Re: [RFC PATCH v2 1/2] pci: Create PCIe requester ID interface

Alex Williamson <alex.williamson@xxxxxxxxxx> · Mon, 29 Jul 2013 16:32:20 -0600

On Mon, 2013-07-29 at 15:02 -0600, Bjorn Helgaas wrote:
> On Mon, Jul 29, 2013 at 10:06 AM, Alex Williamson
> <alex.williamson@xxxxxxxxxx> wrote:
> > On Fri, 2013-07-26 at 15:54 -0600, Bjorn Helgaas wrote:
> >> On Thu, Jul 25, 2013 at 11:56:56AM -0600, Alex Williamson wrote:
> 
> >> The "most closely associated device" idea seems confusing to
> >> describe and think about.  I think you want to use it as part of
> >> grouping devices into domains.  But I think we should attack that
> >> problem separately.  For grouping or isolation questions, we have
> >> to pay attention to things like ACS, which are not relevant for
> >> mapping.
> >
> > We are only touch isolation insofar as providing an interface for a
> > driver to determine the point in the PCI topology where the requester ID
> > is rooted.  Yes, grouping can make use of that, but I object to the idea
> > that we're approaching some slippery slope of rolling multiple concepts
> > into this patch.  What I'm proposing here is strictly a requester ID
> > interface.  I believe that providing a way for a caller to determine
> > that two devices have a requester ID rooted at the same point in the PCI
> > topology is directly relevant to that interface.
> >
> > pci_find_upstream_pcie_bridge() attempts to do this same thing.
> > Unfortunately, the interface is convoluted, it doesn't handle quirks,
> > and it requires a great deal of work by the caller to then walk the
> > topology and create requester IDs at each step.  This also indicates
> > that at each step, the requester ID is associated with some pci_dev.
> > Providing a pci_dev is simply showing our work and providing context to
> > the requester ID (ie. here's the requester ID and the step along the
> > path from which it was derived.  Here's your top level requester ID and
> > the point in the topology where it's based).
> 
> What does the driver *do* with the pci_dev?  If it's not necessary,
> then showing our work and providing context just complicates the
> interface and creates opportunities for mistakes.  If we're creating
> IOMMU mappings, only the requester ID is needed.
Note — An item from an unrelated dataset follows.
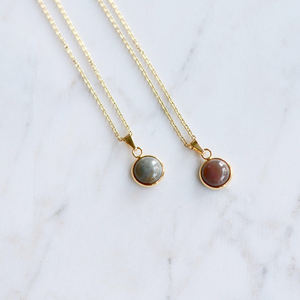 Collier pendentif en pierre de lune arc-en-ciel ronde de 10 mm en argent sterling 925 Bijoux de pierre de naissance de la famille - Product Image 6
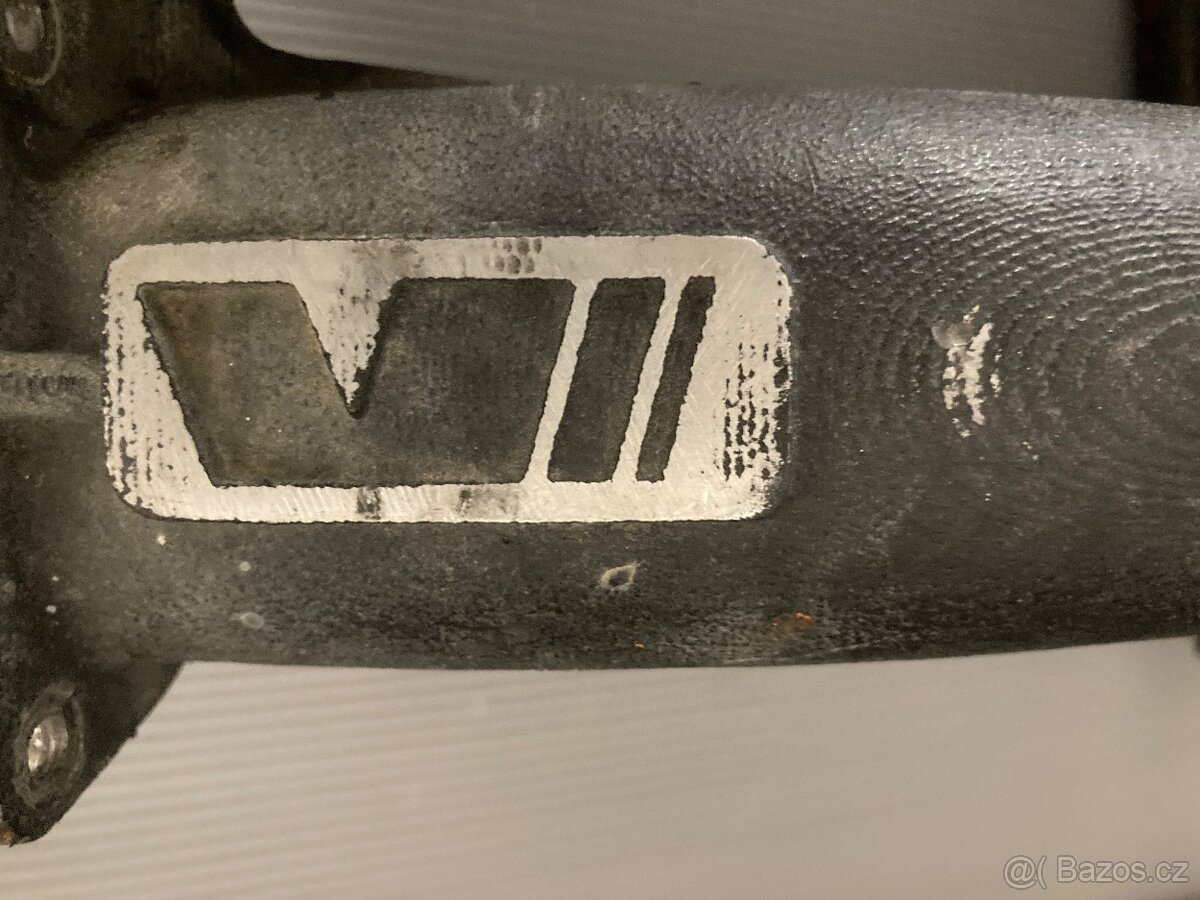 Škoda Fabia S2000 díly motoru - 6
It's true, I don't have a use for the pci_dev in
pci_dev_for_each_requester_id() today.  But I think providing the
context for a requester ID is valuable information.  Otherwise we have
to make assumptions about the requester ID.  For example, if I have
devices in different PCI segments with the same requester ID the
callback function only knows that those are actually different requester
IDs from information the caller provides itself in the opaque pointer.
This is the case with intel-iommu, but why would we design an API that
requires the caller to provide that kind of context?  I also provide the
pci_dev because I think both the pci_dev_for_each_requester_id() and
pci_get_visible_pcie_requester() should provide similar APIs.  There's
an association of a requester ID to a pci_dev.  Why hide that?

> I think you used get_domain_for_dev() and intel_iommu_add_device() as
> examples, but as far as I can tell, they use the pci_dev as a way to
> learn about isolation.  For that purpose, I don't think you want an
> iterator -- you only want to know about the single pci_dev that's the
> root of the isolation domain, and requester IDs really aren't
> relevant.

See get_domain_for_dev() in patch 2/2.  It uses the returned pci_dev to
know whether the requester ID is rooted upstream or at the device
itself.  If upstream, it then uses the requester ID to search for an
existing domain.  The requester ID is relevant here.  If the returned
pci_dev is the device itself, it proceeds to allocate a domain because
the code path has already checked whether the device itself belongs to a
domain.

The use in intel_iommu_add_device() doesn't use the requester ID, it
only wants the pci_dev since it needs to then search above that for
additional isolation capabilities.  That interface only wants to know
the point in the topology where we have bus level granularity of
devices, so it doesn't care about the actual requester ID.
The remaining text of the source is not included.